Tutti interrogativi da tempo sulla bocca dei contribuenti - migliaia e migliaia di cittadini inferociti - anche a Rovigo, Padova, Gorizia, Bologna, Venezia, Pordenone, Caserta. Già, perchè Napoli? Quali credenziali offre, per un servizio tanto delicato, una società costituita all’ombra del Vesuvio nel 2001 e tuttora iscritta nel locale Registro imprese, benchè operante come esattore pubblico in ben otto piazze da un capo all’altro della della penisola? L’incoronazione arriva nel 2004: a giugno l’ufficio per il federalismo fiscale del ministero dell’economia dichiara la Gest Line iscritta «nell'Albo dei soggetti abilitati ad effettuare attività di liquidazione e di accertamento dei tributi e quelle di riscossione dei tributi e di altre entrate delle province e dei comuni».

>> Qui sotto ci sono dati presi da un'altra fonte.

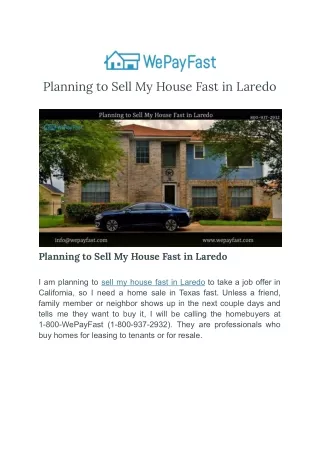 planning to sell my house fast in laredo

Società per azioni con un unico socio, il San Paolo IMI, la corazzata Gest Line nasce molto prima, il 29 novembre 2001, pochi mesi dopo l’insediamento del governo Berlusconi, Con circa 3 miliardi e mezzo di euro in dote, ha il suo quartier generale nella city partenopea, in via Roberto Bracco. Il 7 aprile 2003 incorpora la Ge.ri .co. spa di Mestre, cui subentra nel servizio esattoriale. Poi acquisisce le San Paolo riscossioni spa di Genova e di Prato. Declinando le sue benemerenze in un apposto sito, la Gest Line dichiara oggi di possedere «una grande esperienza al suo attivo. Deriva infatti dalla fusione di quattro società che da tempo operavano nel settore: la Sanpaolo Riscossioni Genova spa, la Sanpaolo Riscossioni Prato spa, la Gerico spa e la Esaban spa». Tutte queste incorporazioni sono descritte nella visura camerale storica della società, dove però non si ritrova traccia dell’ultima operazione, quella relativa ad Esaban.
Le ultime notizie sulla ex società di riscossione del Banco di Napoli riguardano l’arresto di un funzionario per presunte tangenti sul pagamento delle cartelle esattoriali. Ma torniamo a Gest Line. Alla vigilia del riconoscimento da parte del ministero retto da Giulio Tremonti, il 19 maggio 2004 a rappresentare l’impresa è chiamato l’avvocato Ezio Palmarini, partenopeo doc, classe 1937, nominato sul campo vicepresidente del cda. Una vita trascorsa nel defunto Banco di Napoli (cancellato da Bankitalia, insieme a tutto il gruppo, con provvedimento del febbraio 2001), Palmarini era stato per anni al timone di un altro colosso, la BN Commercio e Finanza, con ben 53 diramazioni societarie e sedi in tutte le città d’Italia, da Vicenza a Varese, da La Spezia a Torino. Tutte cessate. Tutte iscritte al Registro imprese di Napoli nel 1982.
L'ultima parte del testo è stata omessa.